–EU pledges closer ties with Guyana; gives $2.2B towards river, sea defences
By Svetlana Marshall
‘STRONG and mutually beneficial’ is how the European Union regards its relationship with Guyana, and by extension the Caribbean Community (CARICOM).Evidence of this is its helping to finance improvement of Guyana’s sea and river defences to the tune of G$2.2B, a cheque for which sum was handed over yesterday to the Guyana Government.
The gesture is in sharp contrast with how it perceives its relationship with Britain, now that the latter has indicated that it wants to part company with the 28-member trading bloc.
Head of the EU Delegation here, Ambassador Jernej Videtic, said yesterday, “The EU stands ready to launch negotiations swiftly with the United Kingdom regarding the terms and conditions of its withdrawal from the European Union. In the meantime, the EU’s relationship with Guyana and the Caribbean Community shall remain a strong and mutually beneficial one.”
He was at the time addressing Ministers of the Government, members of the diplomatic corps and State officials at a function at the Marriott Hotel to officially hand over the cheque to Government.

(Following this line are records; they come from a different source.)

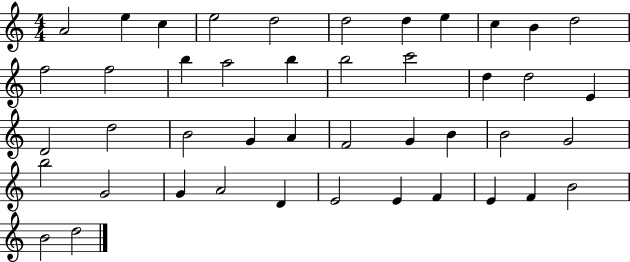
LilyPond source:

{
  \clef treble
  \numericTimeSignature
  \time 4/4
  \key c \major
  a'2 e''4 c''4 | e''2 d''2 | d''2 d''4 e''4 | c''4 b'4 d''2 | \break f''2 f''2 | b''4 a''2 b''4 | b''2 c'''2 | d''4 d''2 e'4 | \break d'2 d''2 | b'2 g'4 a'4 | f'2 g'4 b'4 | b'2 g'2 | \break b''2 g'2 | g'4 a'2 d'4 | e'2 e'4 f'4 | e'4 f'4 b'2 | \break b'2 d''2 | \bar "|."
}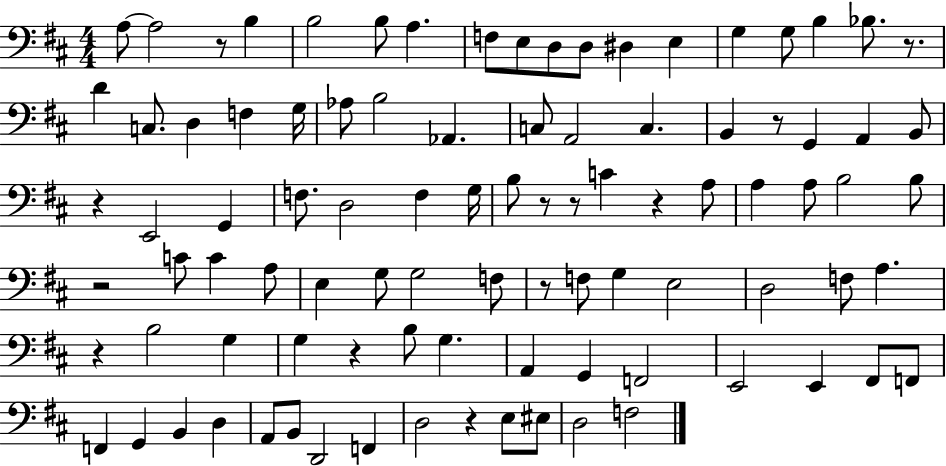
{
  \clef bass
  \numericTimeSignature
  \time 4/4
  \key d \major
  a8~~ a2 r8 b4 | b2 b8 a4. | f8 e8 d8 d8 dis4 e4 | g4 g8 b4 bes8. r8. | \break d'4 c8. d4 f4 g16 | aes8 b2 aes,4. | c8 a,2 c4. | b,4 r8 g,4 a,4 b,8 | \break r4 e,2 g,4 | f8. d2 f4 g16 | b8 r8 r8 c'4 r4 a8 | a4 a8 b2 b8 | \break r2 c'8 c'4 a8 | e4 g8 g2 f8 | r8 f8 g4 e2 | d2 f8 a4. | \break r4 b2 g4 | g4 r4 b8 g4. | a,4 g,4 f,2 | e,2 e,4 fis,8 f,8 | \break f,4 g,4 b,4 d4 | a,8 b,8 d,2 f,4 | d2 r4 e8 eis8 | d2 f2 | \break \bar "|."
}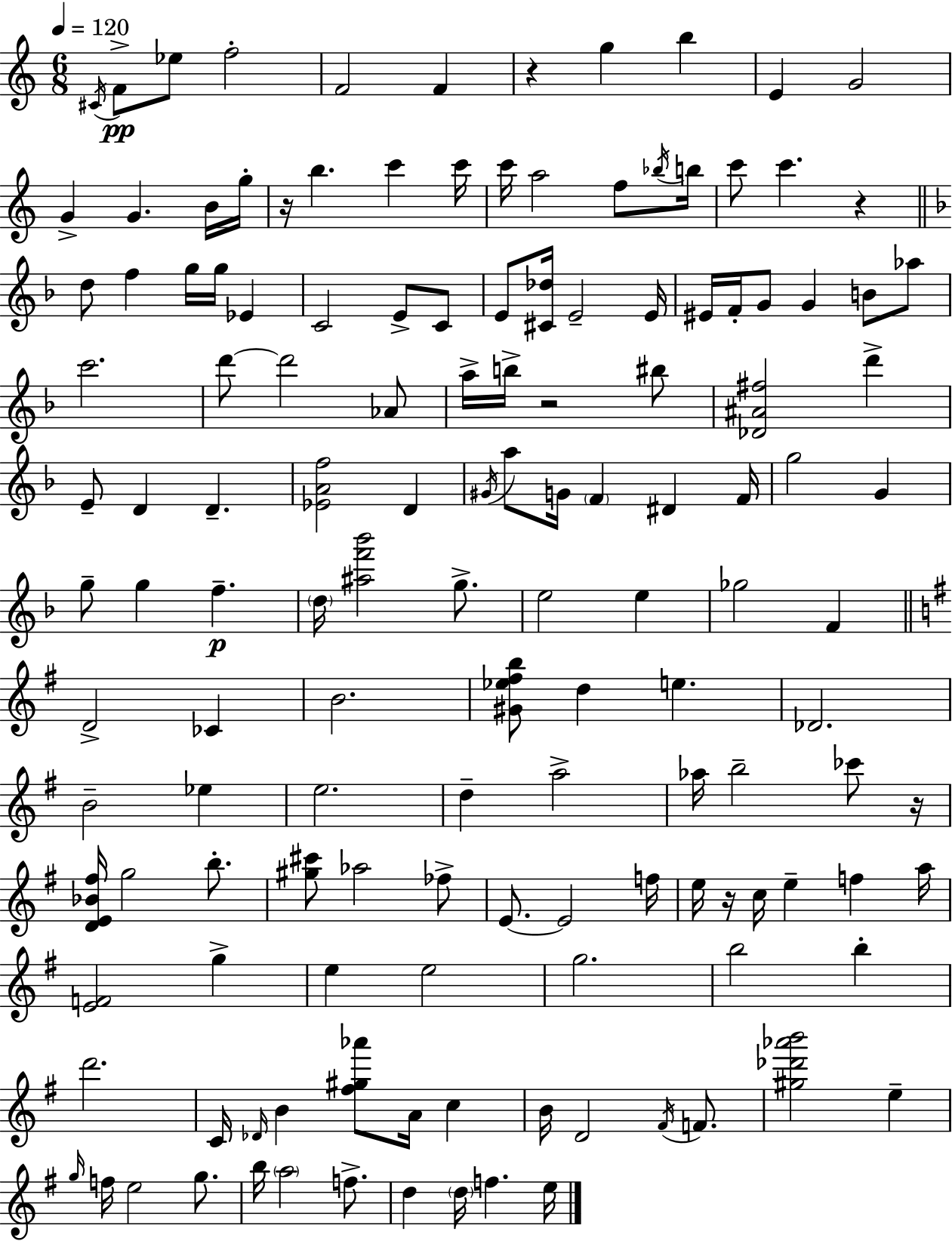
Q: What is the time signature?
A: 6/8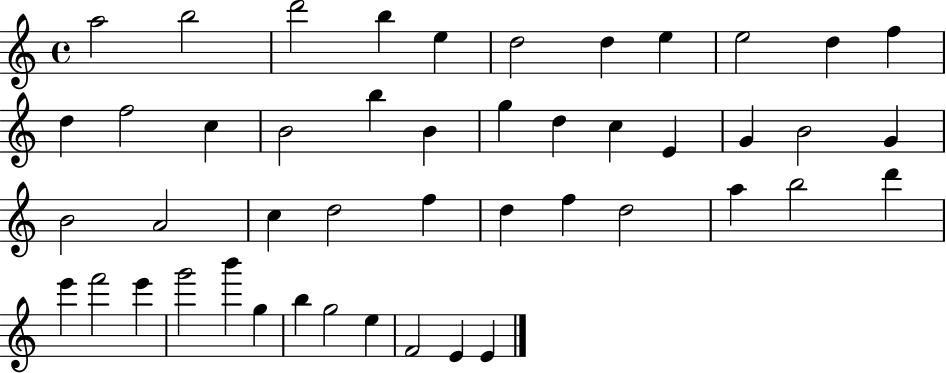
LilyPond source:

{
  \clef treble
  \time 4/4
  \defaultTimeSignature
  \key c \major
  a''2 b''2 | d'''2 b''4 e''4 | d''2 d''4 e''4 | e''2 d''4 f''4 | \break d''4 f''2 c''4 | b'2 b''4 b'4 | g''4 d''4 c''4 e'4 | g'4 b'2 g'4 | \break b'2 a'2 | c''4 d''2 f''4 | d''4 f''4 d''2 | a''4 b''2 d'''4 | \break e'''4 f'''2 e'''4 | g'''2 b'''4 g''4 | b''4 g''2 e''4 | f'2 e'4 e'4 | \break \bar "|."
}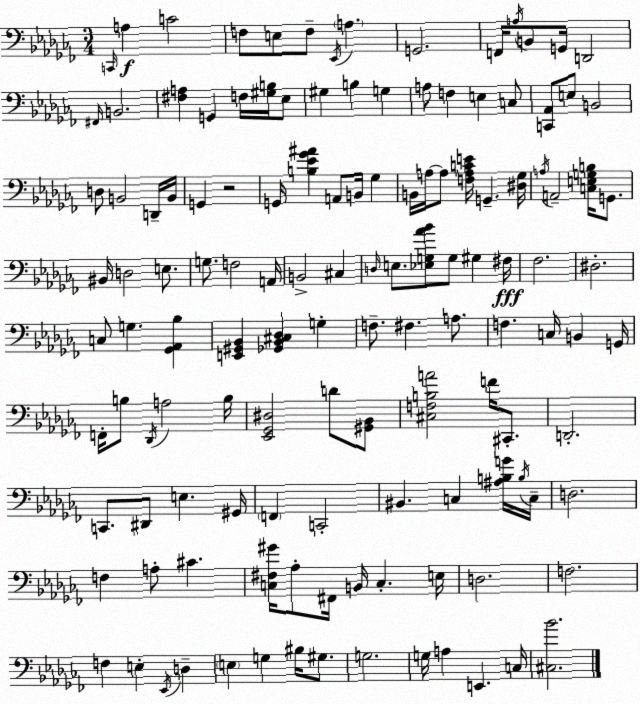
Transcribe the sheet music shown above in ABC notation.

X:1
T:Untitled
M:3/4
L:1/4
K:Abm
C,,/4 A, C2 F,/2 E,/2 F,/2 _E,,/4 A, G,,2 F,,/4 A,/4 B,,/2 G,,/4 D,,2 ^F,,/4 B,,2 [^F,A,] G,, F,/4 [^G,B,]/4 _E,/2 ^G, B, G, A,/2 F, E, C,/2 [C,,_A,,]/2 E,/2 B,,2 D,/2 B,,2 D,,/4 B,,/4 G,, z2 G,,/4 [B,_E_G^A] A,,/2 B,,/4 _G, B,,/4 A,/4 A,/2 [F,A,CE]/4 G,, [^D,_G,]/4 A,/4 A,,2 [C,E,G,B,]/4 G,,/2 ^B,,/4 D,2 E,/2 G,/2 F,2 A,,/4 B,,2 ^C, D,/4 E,/2 [_E,G,_A_B]/2 G,/2 ^G, ^F,/4 _F,2 ^D,2 C,/2 G, [_G,,_A,,_B,] [E,,^G,,_B,,] [_G,,_B,,^C,_D,] G, F,/2 ^F, A,/2 F, C,/4 B,, G,,/4 F,,/4 B,/2 _D,,/4 A,2 B,/4 [_E,,_G,,^D,]2 D/2 [^G,,_B,,]/2 [^C,F,B,A]2 F/4 ^C,,/2 D,,2 C,,/2 ^D,,/2 E, ^G,,/4 F,, C,,2 ^B,, C, [^A,B,G]/4 B,/4 C,/4 D,2 F, A,/2 ^C [C,^F,^G]/4 _A,/2 ^F,,/4 B,,/4 C, E,/4 D,2 F,2 F, E, _E,,/4 D, E, G, ^B,/4 ^G,/2 G,2 G,/4 A, E,, C,/4 [^C,_B]2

The EU has been offering Guyana tremendous financial and technical support in the areas of sea and river defences, agriculture, economic development, energy, and human rights; but sea and river defences have been the most important feature throughout the cooperation.

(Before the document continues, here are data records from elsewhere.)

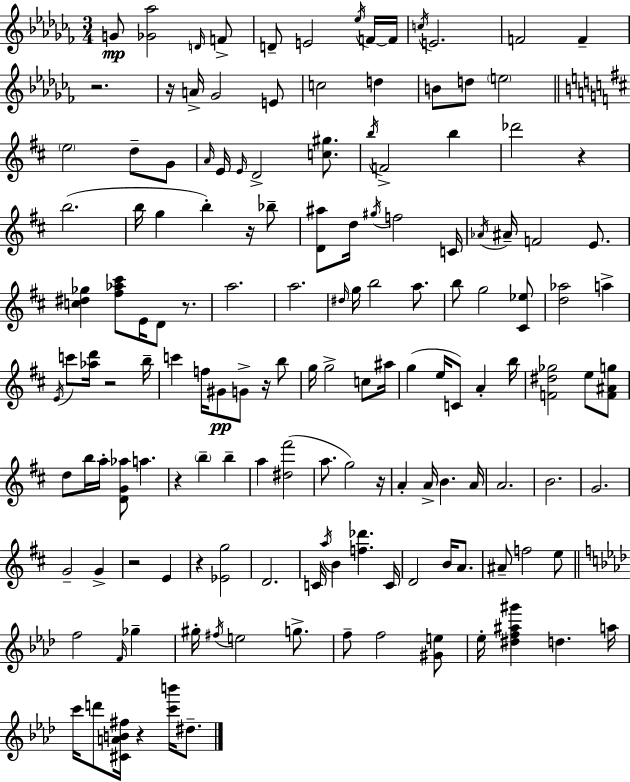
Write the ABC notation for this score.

X:1
T:Untitled
M:3/4
L:1/4
K:Abm
G/2 [_G_a]2 D/4 F/2 D/2 E2 _e/4 F/4 F/4 c/4 E2 F2 F z2 z/4 A/4 _G2 E/2 c2 d B/2 d/2 e2 e2 d/2 G/2 A/4 E/4 E/4 D2 [c^g]/2 b/4 F2 b _d'2 z b2 b/4 g b z/4 _b/2 [D^a]/2 d/4 ^g/4 f2 C/4 _A/4 ^A/4 F2 E/2 [c^d_g] [^f_a^c']/2 E/4 D/2 z/2 a2 a2 ^d/4 g/4 b2 a/2 b/2 g2 [^C_e]/2 [d_a]2 a E/4 c'/2 [_ad']/4 z2 b/4 c' f/4 ^G/2 G/2 z/4 b/2 g/4 g2 c/2 ^a/4 g e/4 C/2 A b/4 [F^d_g]2 e/2 [F^Ag]/2 d/2 b/4 a/4 [DG_a]/2 a z b b a [^d^f']2 a/2 g2 z/4 A A/4 B A/4 A2 B2 G2 G2 G z2 E z [_Eg]2 D2 C/4 a/4 B [f_d'] C/4 D2 B/4 A/2 ^A/2 f2 e/2 f2 F/4 _g ^g/4 ^f/4 e2 g/2 f/2 f2 [^Ge]/2 _e/4 [^df^a^g'] d a/4 c'/4 d'/2 [^CAB^f]/4 z [c'b']/4 ^d/2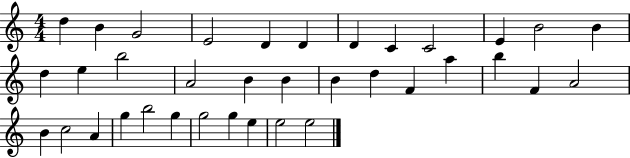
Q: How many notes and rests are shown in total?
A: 36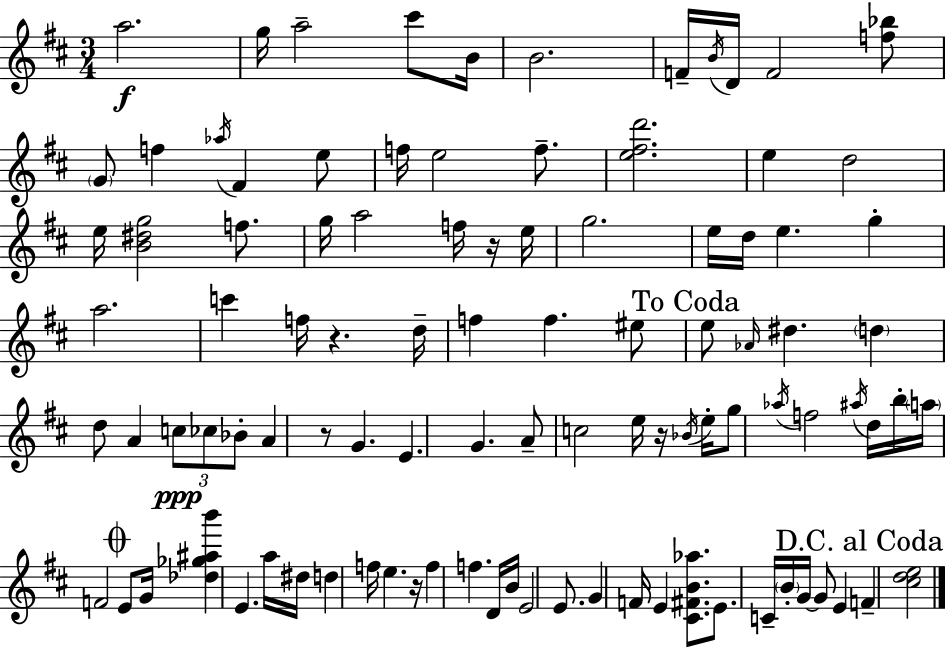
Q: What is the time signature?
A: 3/4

“Given that Guyana is a low-lying coastal area, it is particularly vulnerable to rising sea levels and coastal erosion of natural estuarine and sea defences,” Ambassador Videtic, also head-of-mission to Suriname and Trinidad and Tobago, explained while noting that this country’s capacity to adapt to these vulnerabilities needs to be developed.
Injection of the of G$2.2B into the national treasury comes at a time when the country is showing remarkable progress in its attempt to combat rising sea levels; a progress which started some two years ago. Guyana, through its Ministry of Public Infrastructure, has formulated an Integrated Coastal Zone Management Programme, in addition to the implementation of a new Sector Policy and Strategy.
Ambassador Videtic said it was based on the EU’s positive assessment of Guyana that the money was released from the 10th European Development Fund (EDF).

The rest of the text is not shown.